Survival Gardening: Learning to Compost

Survival Gardening: Learning to Compost

( – Learning how to properly compost can seriously help your garden, especially in a SHTF scenario. Chances are if SHTF, you’re not likely to be able to just run to a box store and find fertilizer. Instead, you’ll have to make your own. This is where composting plays a big part in your survival garden.

When composting you have brown items, green items, and water. For every green item you place into the compost pile, you need to add four brown items. This gives you the ideal ratio to make what is known as “Black Gold” soil. Each item serves a purpose, with brown items producing carbon, and green items producing nitrogen. Both of these elements are crucial to a garden. The water is used to add moisture when needed. Heat also plays a role in how long it takes for the items to break down.

The Good, The Bad, and The Ugly

Now there are, of course, certain green and brown items that are better and worse for your compost. Adding too much of one category can cause the compost to stink, and/or take longer to break down. Let’s start off with the good items first; these are things that will help your compost more than anything.

  • Paper products such as newspapers, paper, or even cardboard. These brown items work best when shredded or ripped up.
  • Kitchen scraps, green waste in particular, such as lettuce, spinach, and herbs. These green items provide a good source of nitrogen. Cutting them up aids in decomposition, but is not required.
  • Coffee grounds and filters are green items that need to be used before recycling and putting them into the compost. Fresh coffee is too acidic; the used product creates a neutral base with a great nitrogen boost.
  • Hair and nails may seem gross, but they are quite beneficial. These green items are a major source of nitrogen.
  • Yard waste such as grass clippings, leaves, plants, and small sticks are great sources of nitrogen, and provide much-needed airflow. Sticks and leaves are brown items and provide carbon for your compost.
  • Ash, wood ash in particular, provides a potassium-rich alkaline base, but should only be used in moderation.

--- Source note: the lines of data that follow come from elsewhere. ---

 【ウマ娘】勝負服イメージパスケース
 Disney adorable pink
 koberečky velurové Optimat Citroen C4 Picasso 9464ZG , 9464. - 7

Moving on to the “bad” items. These do provide some benefit to your compost, but also may harm its effectiveness.

  • Lint if dry can be used in your compost, but should not be used if it does not come from natural articles.
  • Latex does contain other items aside from rubber, but again should only be used if it’s all-natural.
  • Citrus peels are highly acidic and may kill beneficial microorganisms.
  • Onions are also very acidic, and they also take a very long time to break down.
  • Breads and pastas will likely attract pests, such as raccoons and possums.

Wood ash and sawdust from treated sources are harmful to your compost pile and should not be included. That being said it’s time to name the “ugly” items that will ruin your compost.

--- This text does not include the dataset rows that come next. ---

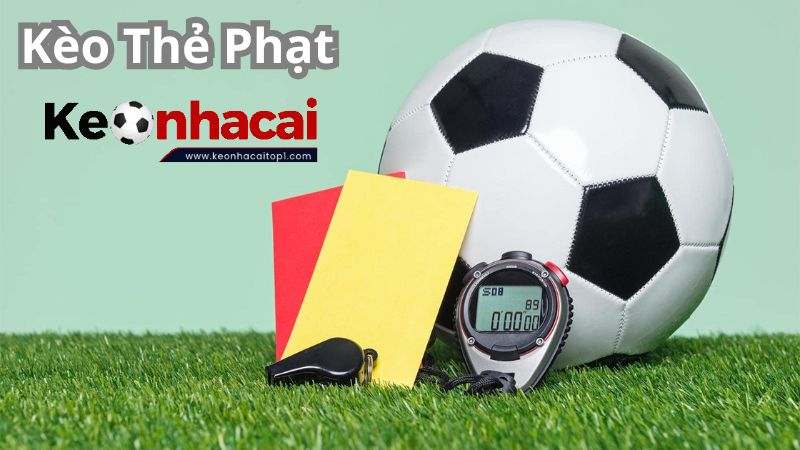 Cách Tính Tiền Thưởng Kèo Thẻ Phạt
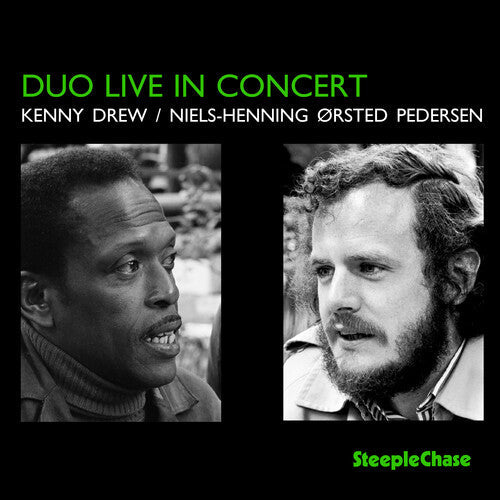 Kenny Drew: Duo Live in Concert - CD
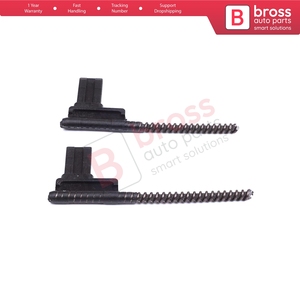 สาย91251JD02A ซ่อมพลาสติกปลายสายเคเบิลสำหรับม่านบังแดด BSR608สำหรับ Qashqai - Product Image 4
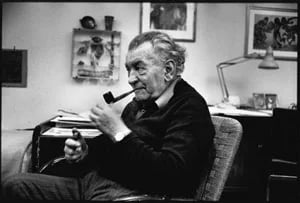 Portrait of Clément Moreau (1903–1988) – memorial page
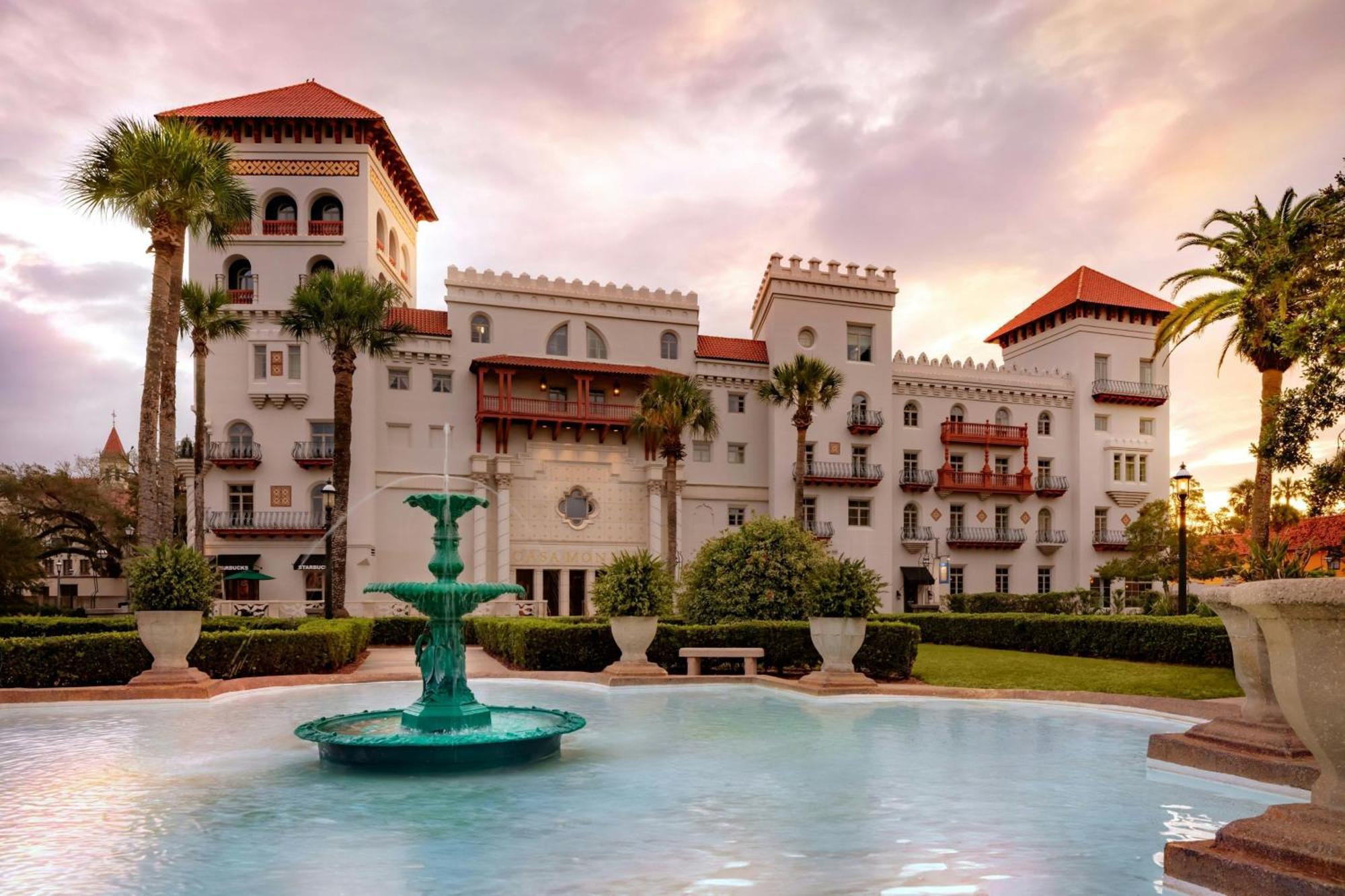 Casa Monica Resort & Spa, Autograph Collection St. Augustine Extérieur photo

  • Chemicals have no place in your compost, as they may bring about harmful effects. This includes pesticide-treated plants.
  • Bones, specifically whole bones, will not break down and provide no benefit to your pile.
  • Meat will bring about a horrendous smell, and attract unwanted pests.
  • Human feces poses a serious health concern, and should only be used with an organic diet, especially if not dried. This is also true for dog and cat feces, as they may contain parasites harmful to plants planted in the compost soil.
  • Dairy products will spoil, giving off a terrible aroma and will also attract pests.

Building Your Compost

Creating your compost is simple. Choose a bin, barrel, or even just a pile. If you’re feeling froggy you could even use a combination of the three. Next, you’ll need to find a location for your compost, a dry shady location close to a water source is ideal. You can then start adding material as it’s gathered, making sure you break big pieces into smaller ones. This helps the decomposition process, and makes it faster.

Keeping the compost pile damp helps attract worms, which will aid in the decomposition. Be sure to turn or mix your pile, ideally once a week, as this keeps a good air intake going and will keep the pile warm. The warmer your pile is, the faster it will decompose, and the sooner you’ll be able to use it. You don’t need to cover your compost, though it helps keep it warm and damp. Once it’s broken down into a dark rich colored material, your compost is ready to be used. Note that if done properly, your compost should not smell, or attract pests.

Learning how to compost properly can bring multiple benefits to your home for several reasons, especially if SHTF. You’ll be able to reduce waste, and provide your own fertilizer, helping your garden grow while reducing concerns about waste disposal. It also makes you more aware of what you buy, what it’s made of, and even how it’s packaged. After you’ve harvested your crops, you can repeat the cycle with unused plant waste and potentially eventually become completely self-sufficient.